We went up in 2 cars, Leslie, Michelle, Julius, Pauline, Colin and Val. 3 couples and me. Well, she was suppose to come along but i don't think there's a need for any explanation. I guess it was all planned, and i believe i made the right decision not to back out. Julius & Pauline -the newly weds who are expecting a new additon to the family, Leslie & Michelle, my dear buddy getting married next year, and the newly attached couple -Colin and Val. Sometimes, i really wonder, does HE really need to be that obvious, putting me in there to see the 3 variations...
Anyway, the journey up was spent with Leslie & Michelle, a really long chat on the way up.

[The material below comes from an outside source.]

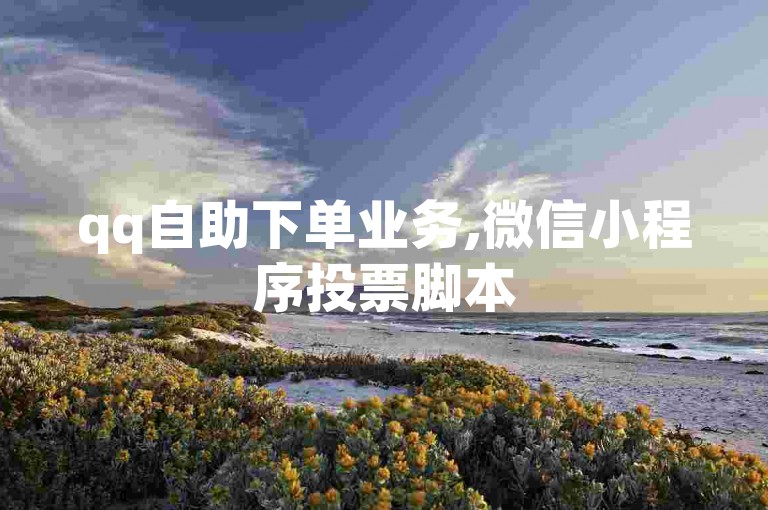 qq自助下单业务,微信小程序投票脚本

We were discussing about how people have changed over the years, that relationships will change too, or rather grow, if not wither. About how I've changed over the years, the people whom ive met and developed love and friendship in the process. Its all part of growing up, maturing and experiences. As we discussed further, you're more aware of who you are, and who you are is the outcome of the life journey so far. I'm glad that the many falls along the way made me become more careful each time i step into a 'pothole'. Its these experience that help nurture our character.

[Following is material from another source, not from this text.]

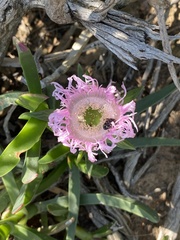 Carpobrotus mellei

At Colmar, it was a place of serenity and peace. Your mind at rest. You just feel that you have been taken away from the secular world and placed in a environment free from stress and trouble. You know it wont last long but then again, you tell yourself that you need to treasure the moment while it lasts., which I did. Apart from the 3 nites of games and each others' "home", there were times that I was left alone, to really think about IT. I can still remember the 1st nite when we had Italian and we went round the table, sharing our love experience, actually, it was how the 3 couples got to know each other and how they ended up together. Indeed, it was a heart to heart sharing, and it really warms my heart to know that its really as simple as it is, nothing fantastic nor elaborate, but plain simple. Love grows.( that’s what I gathered from our little fellowship). That nite was priceless, 7 of us, over desserts and beer, kept going on about our life stories and how wonderful it was meeing their partner and how they became lovers, and eventually, becoming a family.

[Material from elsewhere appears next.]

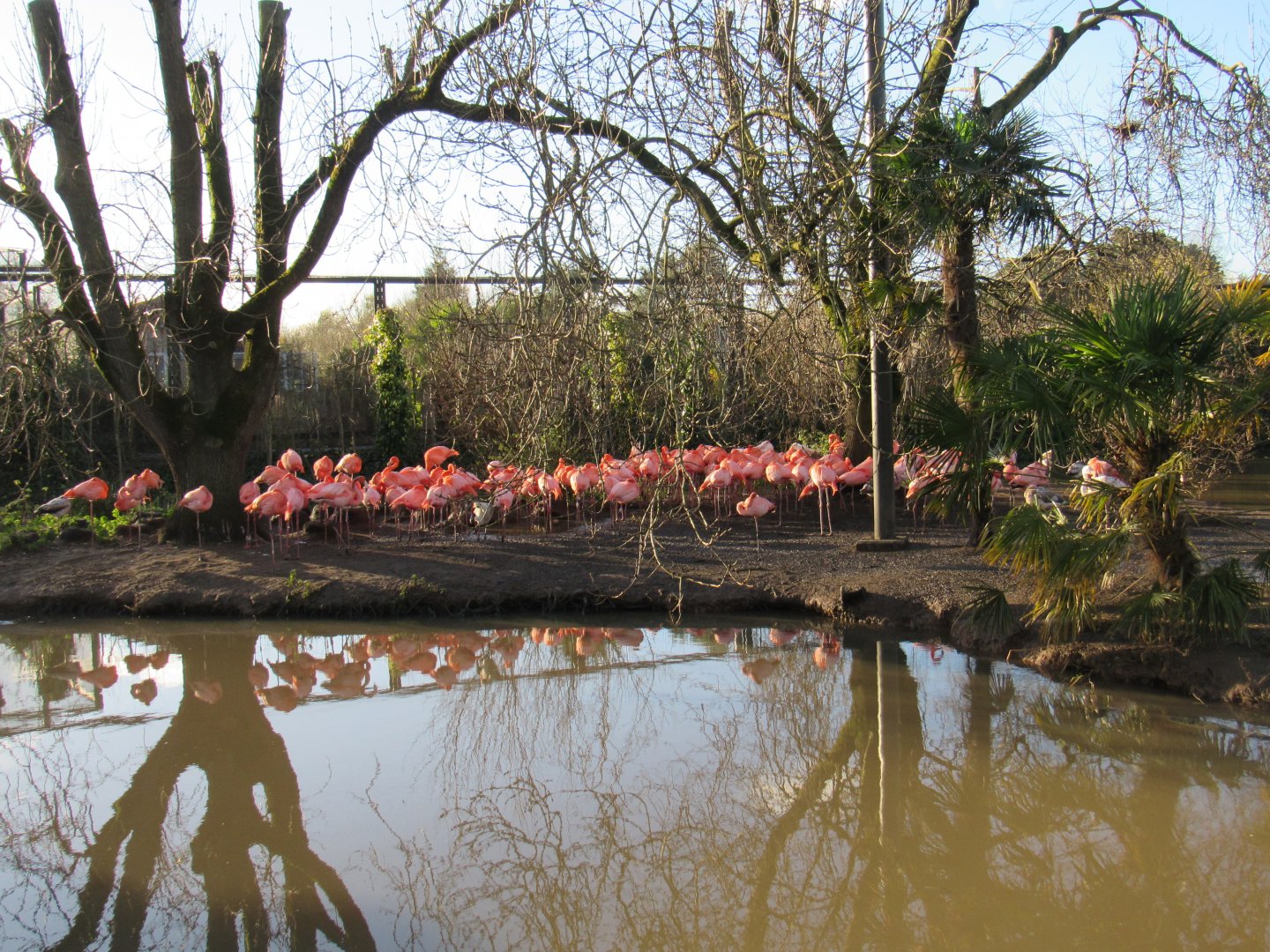 American flamingo colony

Frankly, I was torn in between, should I be feeling envious or contended? feelings were mixed, that was what I had to struggle with. Then I thought to myself, love did grow in me, and went away, 3 times, well, I tend to see it as this – At least it grew in me, didn’t last long, but I would rather love and lost than not to love all. I would give up anything just to feel that.. even if its for a moment. Then again, the question is, the next time when it grows in you, how do you make it stay longer, if not forever?
Sometimes, you ask yourself, when? When will that moment be?. Do we wait? Or do we be proactive. Love is only love when you give it away.
Day 2, spent the day painting with Pauline and Michelle, had an interesting discussion on what ladies really want these days. It made me realized issues that never cross my mind, things guys do not usually see. Shant disclose too much here..heh, glad they provided me with deep insides.
Can’t really recall much on the sequence on activities there but we played tennis one morning, played with bunnies in the rabbit park, had Japanese tea ceremony in the Jap Park, trekking through the little rainforest….
That nite we had French Cuisine, sipping wine and continued sharing. Another priceless evening with great company.
The trip back.. I decided to bum Colin and Val to the Benz and took the ride with the newly weds. Of course, another long discussion along the way. Shant go into details again, all I can say is, I took home a lot. Things that I never did realize, views that you thought never exists, issues that are present but are usually overlooked and things we all take for granted. In short, all I can say is…they are both instruments of God, and im glad I took it with an open heart.